Just want to echo the recommendation for qwen3.5:9b. This is a smol, thinking, agentic tool-using, text-image multimodal creature, with very good internal chains of thought. CoT can be sometimes excessive, but it leads to very stable decision-making process, even across very large contexts -something we haven't seen models of this size before.

What's also new here, is VRAM-context size trade-off: for 25% of it's attention network, they use the regular KV cache for global coherency, but for 75% they use a new KV cache with linear(!!!!) memory-token-context size expansion! which means, eg ~100K token -> 1.5gb VRAM use -meaning for the first time you can do extremely long conversations / document processing with eg a 3060.

Strong, strong recommend.

▲

steve_adams_86 2 hours ago | parent | next [-]

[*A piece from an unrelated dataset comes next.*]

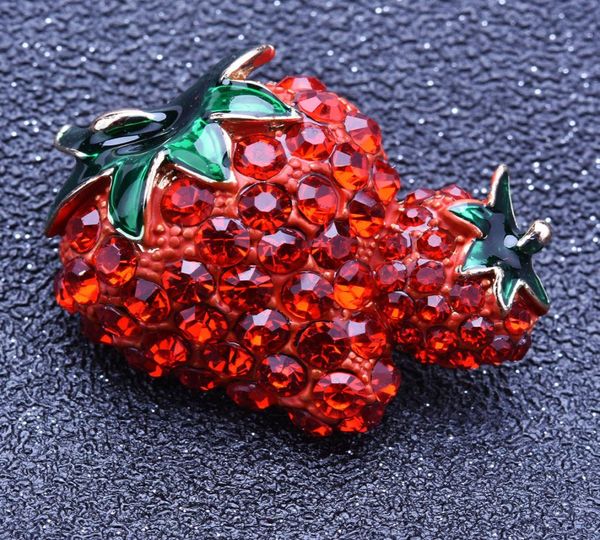 Broches de morango para homens Mulheres Trendy Loy Alloy esmalte o cristal de cristal clássico Frutas Casamentos Partem do Broche de Broche Acessor5757172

I've been building a harness for qwen3.5:9b lately (to better understand how to create agentic tools/have fun) and I'm not going to use it instead of Opus 4.6 for my day job but it's remarkably useful for small tasks. And more than snappy enough on my equipment. It's a fun model to experiment with. I was previously using an old model from Meta and the contrast in capability is pretty crazy.

I like the idea of finding practical uses for it, but so far haven't managed to be creative enough. I'm so accustomed to using these things for programming.

▲

threecheese 12 minutes ago | parent | prev | next [-]

You can really see the limitations of qwen3.5:9b in reasoning traces- it’s fascinating. When a question “goes bad”, sometimes the thinking tokens are WILD - it’s like watching the Poirot after a head injury.

Example: “what is the air speed velocity of a swallow?” - qwen knew it was a Monty Python gag, but couldnt and didnt figure out which one.

▲

ggsp an hour ago | parent | prev | next [-]

How much difference are you seeing between standard and Q4 versions in terms of degradation, and is it constant across tasks or more noticeable in some vs others?

	▲	rnewme an hour ago \| parent [-]
		Less than expected, search for unsloths recent benchmark

▲

dsr_ 27 minutes ago | parent | prev | next [-]

Correction: not thinking, not a creature.

If it was a creature I would feel some sorrow when I killed it.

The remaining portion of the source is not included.